I love a traditional, spicy chili, slow-simmered. This is a vegan-friendly version, designed to simmer in the oven while you watch a movie, chase your kids around, or finish that report you need to get written. I hope you enjoy it. Since I get requests for recipes, I’ll walk you through it. You can most definitely adjust the proportions – this makes a large Dutch oven full, which is dinner, plus lunch, for two, and several more meals’ worth for the freezer, or just enough for a big crowd for dinner.
Olive or canola oil (I am using canola these days because it is produced in Canada)
2 cloves garlic
3 stalks celery
2 large carrots
1 green and 1 red bell pepper
2 cans or l large bowl of cooked beans, as you like (kidney are traditional, but we had chickpeas and black-eyed peas on hand)
2 cans diced tomatoes stewed without salt (large cans, 28oz.)
1 T/15ml each of chili powder, oregano, smoked paprika
1 chopped chipotle in adobo (or another jalapeno and a bit more smoky paprika)
1/4c/60ml red lentils (split peas will also work, but take longer to cook)
If you’re working alone, chop everything, then start. If you are working as a duo, chop the onions and garlic, and the other can stir and manage the cooking while one chops.
Heat the oil over medium heat. Turn the oven on to 350F
Add the onions and garlic:
Stir and sweat these until they start to get shiny, then add the celery:
You can use a machine to chop, but honestly, the time to chop each vegetable gives just about the right gap for the prior one to cook a little. Now for the carrots – these aren’t a traditional chili vegetable, perhaps, but they have the tremendous effect of adding a little sweetness to the chili, as do the onions as they sweat down more and more.

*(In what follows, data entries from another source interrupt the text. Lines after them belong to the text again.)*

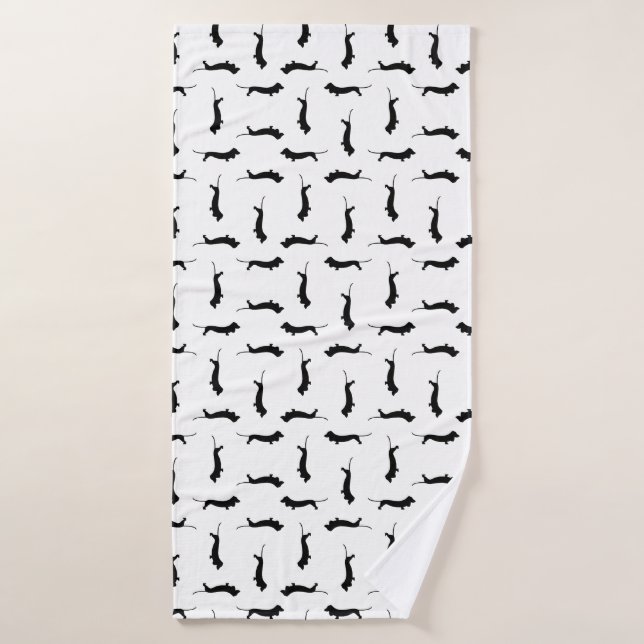 Dachshund Chien Silhouettes COULEUR ARRIÈRE - PLAN (Serviette de bain)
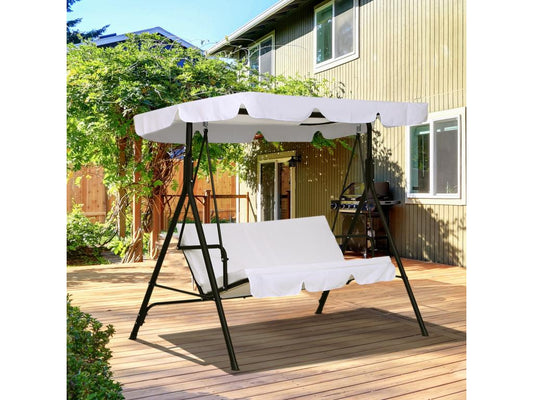 Balancelle de jardin 3 places toit inclinaison réglable coussins assise et dossier 1.72L x 1.1l x 1.52H m acier noir polyester blanc ICMN28156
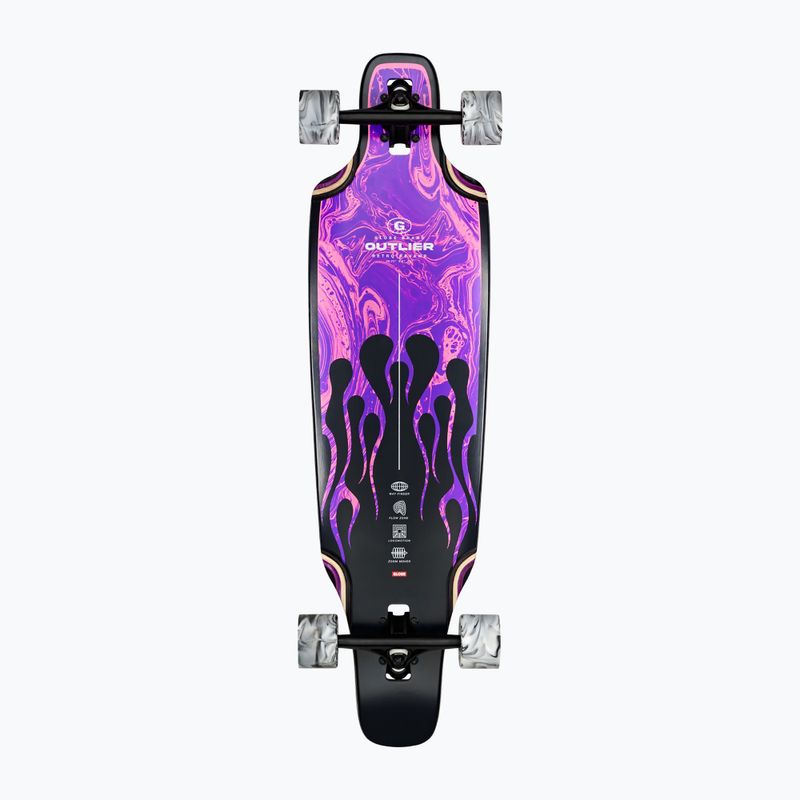 Longboard Globe Outlier purple flames 3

After the carrots, the peppers, the most tender of the vegetables, come last. Use any colour, but red and green give a great combination. Continue to cook until this mixture of vegetables (the “holy trinity plus” or a mirrepoix) have begun to soften nicely. Now you’re ready for the rest of the ingredients.
Tomatoes come first, then the beans. Stir everything well so you get a good mixture.
Canned beans are easy and fast, but they often have a lot of added salt, which most of us don’t need any more of in our modern diets. We get enough naturally. In the EAT section of this blog you can find a recipe to cook your own; they can also be prepared very nicely in a pressure cooker.
Adding a few red lentils will help it thicken and contribute to the meatier texture some people prefer.
Bring this to a simmer over medium heat, then put it all in the oven uncovered for at least an hour.
It will cook down and thicken considerably; you can let it carry on for as long as it takes until you are ready to serve. Sometimes we will make a batch of cornbread on the side, but it really didn’t need anything else. Enjoy!
I’m always grateful for the opportunity to cook together with friends or family and to have a warm, low-maintenance dinner at the ready. Freeze whatever you don’t need, and remember it’s always better on the second day.